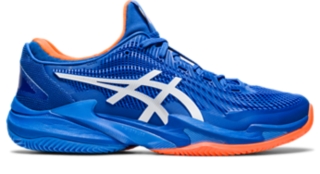 Men's COURT FF 3 NOVAK CLAY | Tuna Blue/White | Tennis Shoes | ASICS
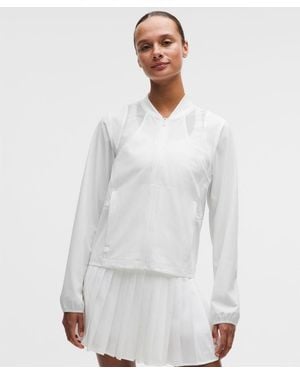 lululemon Mesh-Ventilated Tennis Jacket - Blue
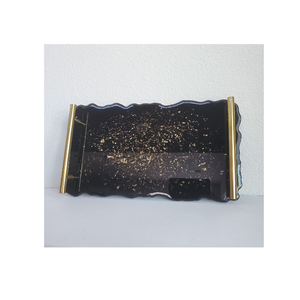 Plateaux de service rectangulaires en résine polie, faits à la main et peints à la main, écologiques, décoratifs pour la maison, vente en gros, Inde - Product Image 1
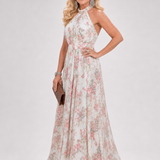Vestido midi Guinevere floral com saia fluida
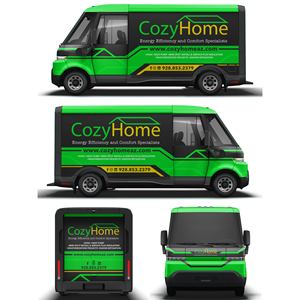 Car Wrap Design by Aricaturrash69 for CozyHome | Design: #37586073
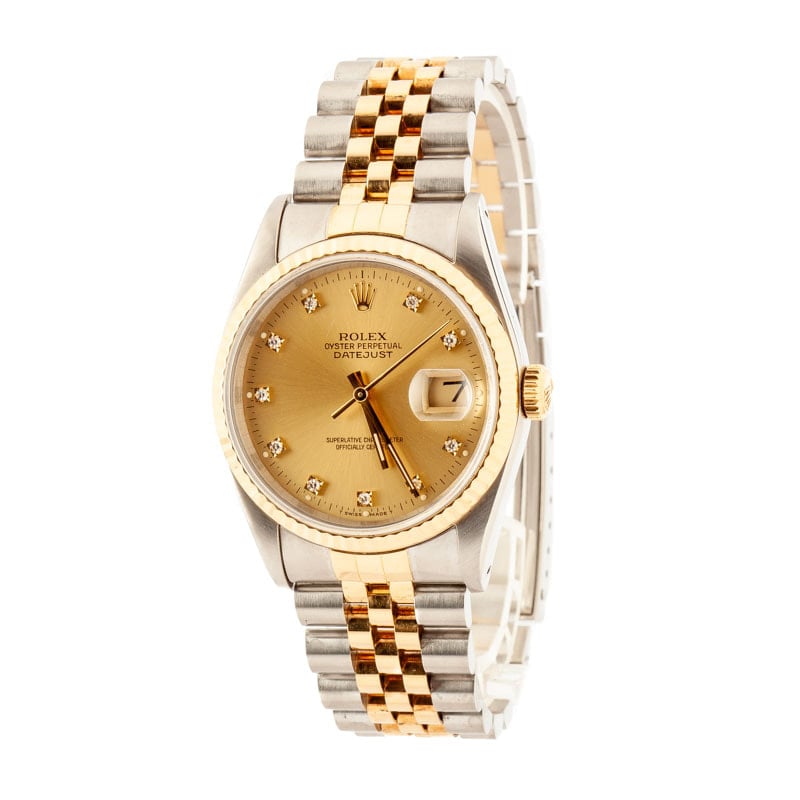 Used Rolex Datejust 16233 Diamond Dial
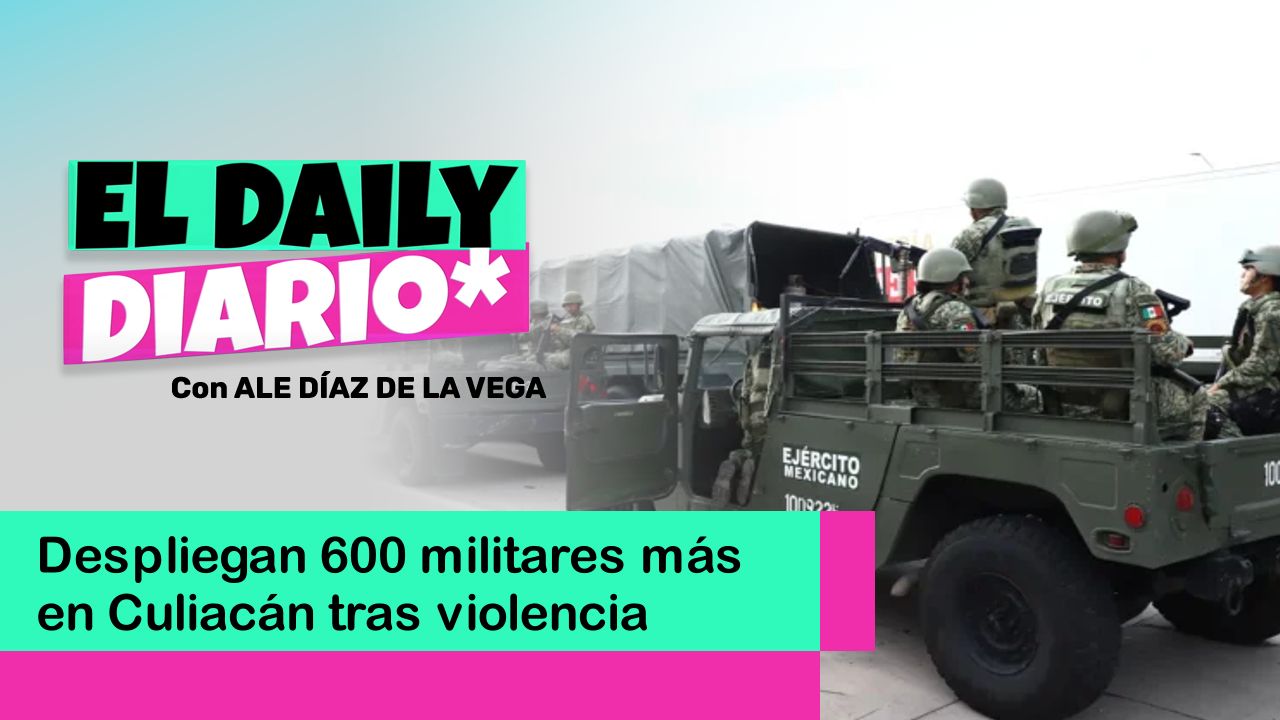 Lee más sobre el artículo Despliegan 600 militares más en Culiacán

- INSTRUCTIONS FOR THE TASK -
Omit the pictures; set down each record exactly.

- TASK RESPONSE -
 Men's COURT FF 3 NOVAK CLAY | Tuna Blue/White | Tennis Shoes | ASICS
 lululemon Mesh-Ventilated Tennis Jacket - Blue
 Plateaux de service rectangulaires en résine polie, faits à la main et peints à la main, écologiques, décoratifs pour la maison, vente en gros, Inde - Product Image 1
Vestido midi Guinevere floral com saia fluida
 Car Wrap Design by Aricaturrash69 for CozyHome | Design: #37586073
 Used Rolex Datejust 16233 Diamond Dial
 Lee más sobre el artículo Despliegan 600 militares más en Culiacán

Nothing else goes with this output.